Yes, big data usually infers ‘quantitative’ analysis, as in “relying on numbers.” The Zestimate legacy of profound inaccuracy finally reached a devastating conclusion with the collapse of Zillow Offers this week and the loss of hundreds of millions in shareholder equity. Zillow never figured out the qualitative part that enables the actual precision in the pricing of a home sale.
There is a lot of talk right now about how other iBuyers are continuing to buy and sell properties so the space is still viable – business as usual.
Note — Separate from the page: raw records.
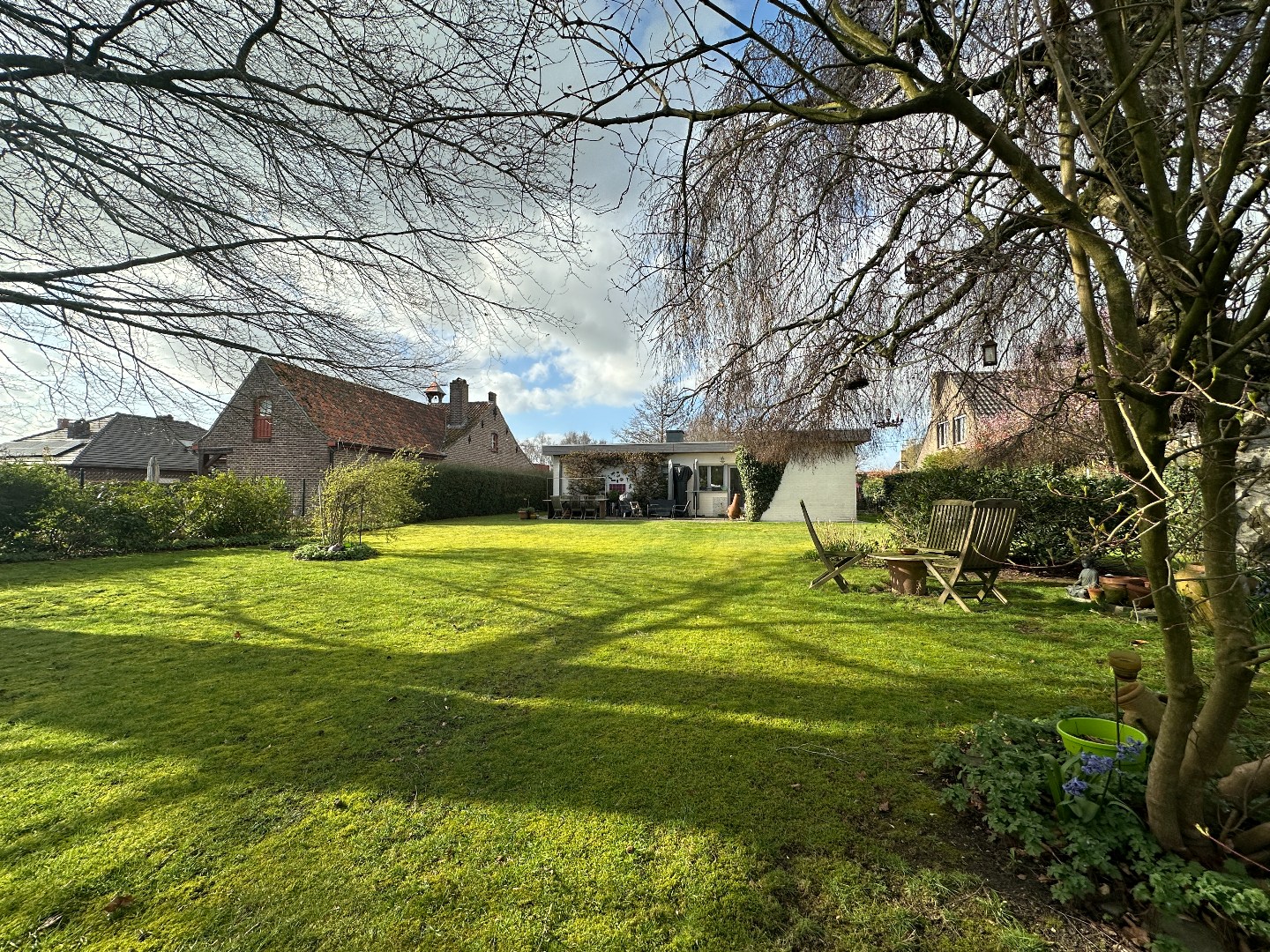 Vrijstaande woning met mooie tuin, perceel van 1158 m², Torhout. 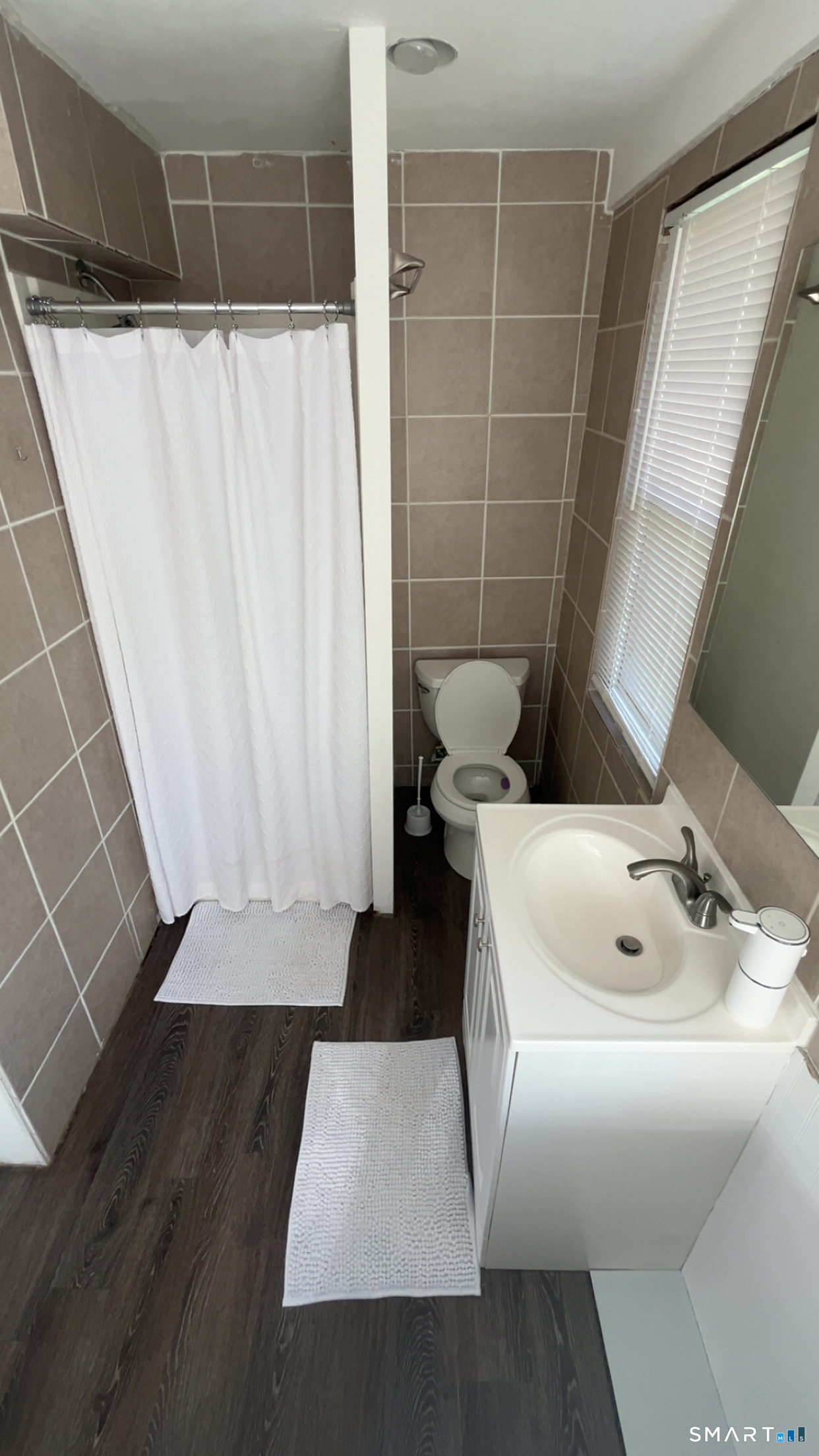 10 Ells Street Ansonia, CT 06401 - Photo 10 of 21 First floor bathroom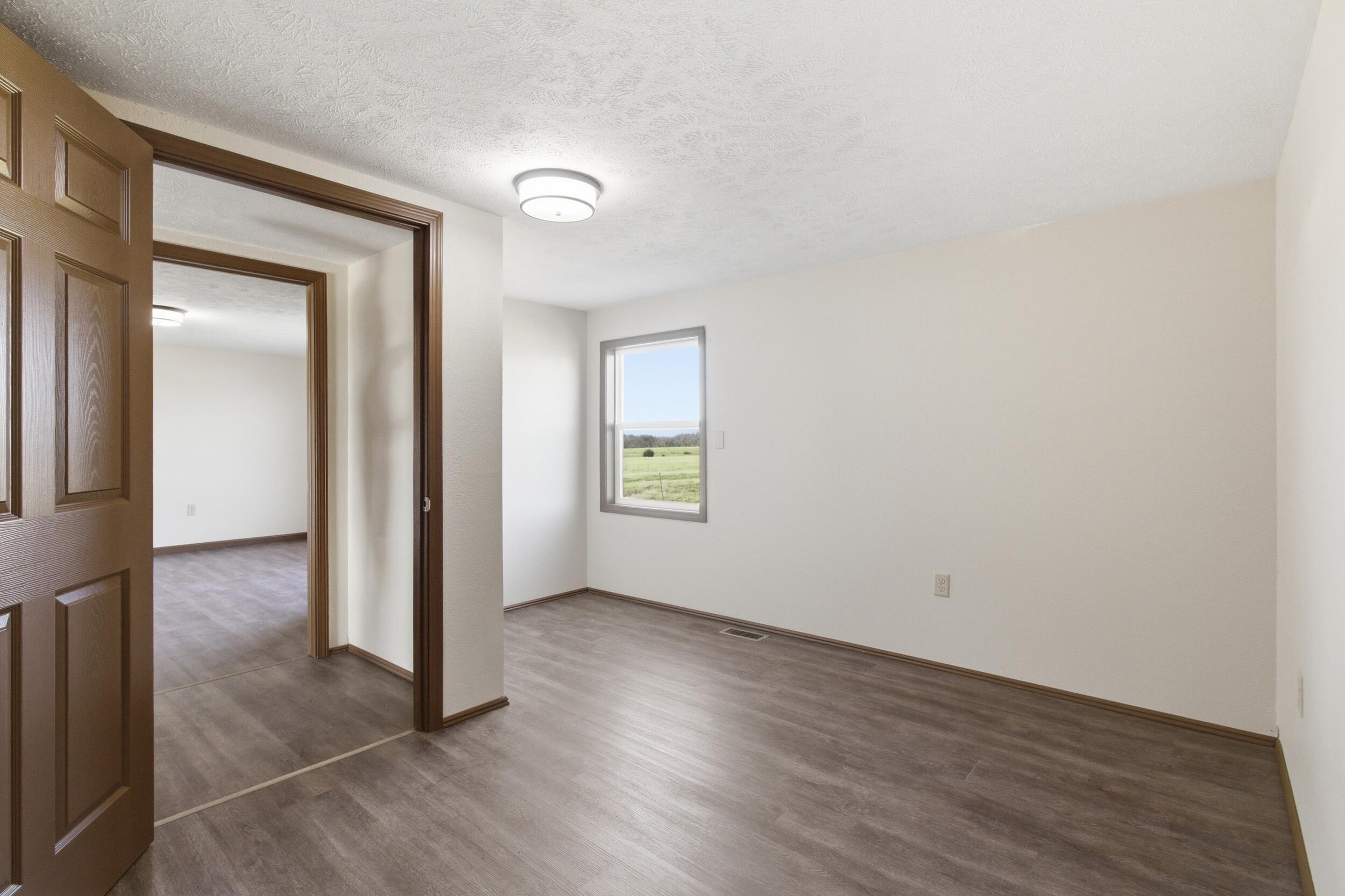 23594 Lawrence 1200 Property Photo 17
But step back for a moment and think about this:
– The iBuyer market is currently overcrowded, even with the loss of Zillow Offers.
– The iBuyer bold-faced name is OpenDoor who was the unicorn of Softbank who famously backed WeWork without any apparent due diligence.
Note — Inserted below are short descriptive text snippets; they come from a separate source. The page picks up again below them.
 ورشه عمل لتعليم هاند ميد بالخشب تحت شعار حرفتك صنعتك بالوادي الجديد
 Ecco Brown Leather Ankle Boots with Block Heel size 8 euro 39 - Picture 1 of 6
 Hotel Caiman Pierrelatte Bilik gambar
– The iBuyer segment is characterized by its razor-thin margins and billions of investment required.
– It was created and run in a rising market, most of it a boom, and was recently turned off during the recent downturn.
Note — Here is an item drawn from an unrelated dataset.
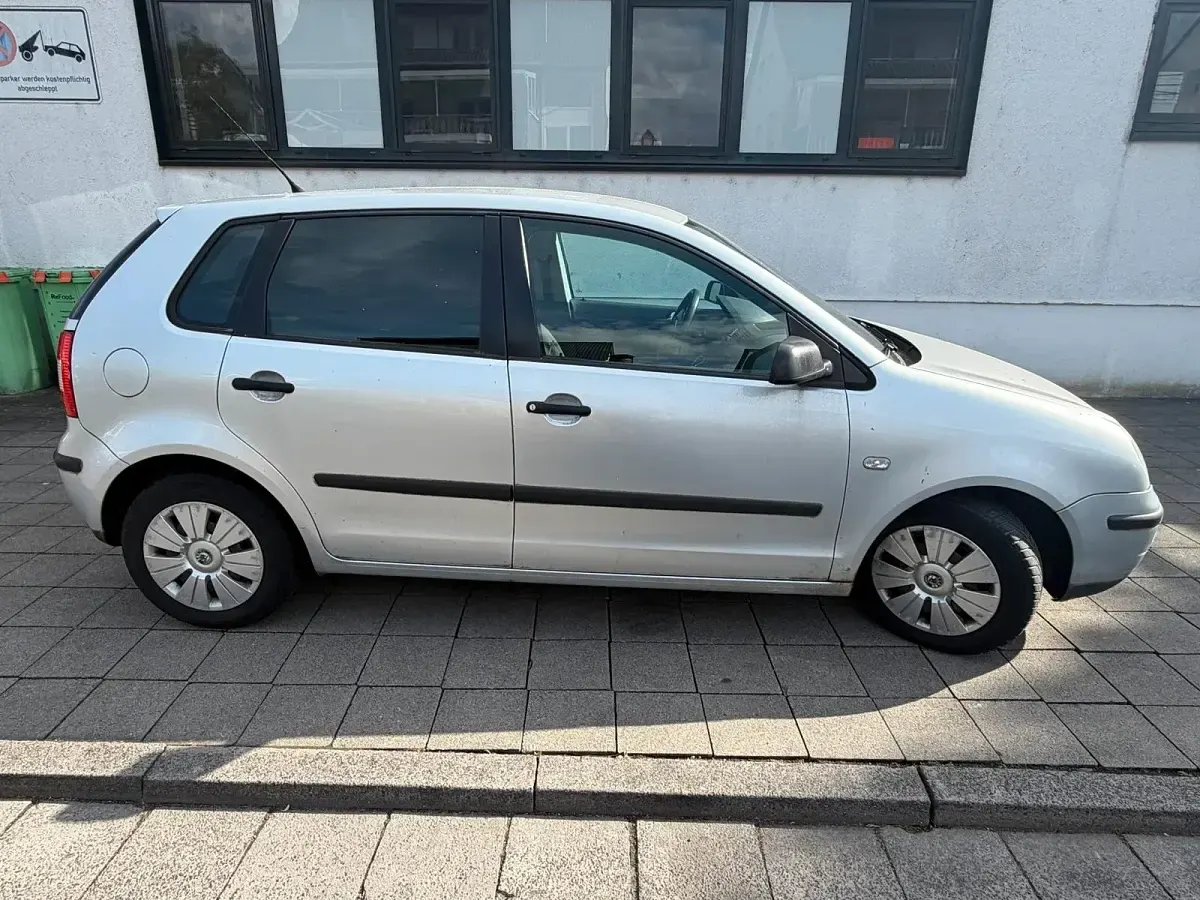 Occasion VW Polo 64 ch (47 kW) 2003 Argent Citadine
– It is wholly dependent on housing markets with homogenous housing stock and will always need high volume just to survive.
I feel pretty confident there will be further fallout over time, but the iBuyer space will settle into a small segment of the overall transaction universe. It has been wildly overhyped (at real estate brokers and real estate appraiser’s expense) as investors, burdened with high volumes of capital, desperate for upside in housing in this fintech boom.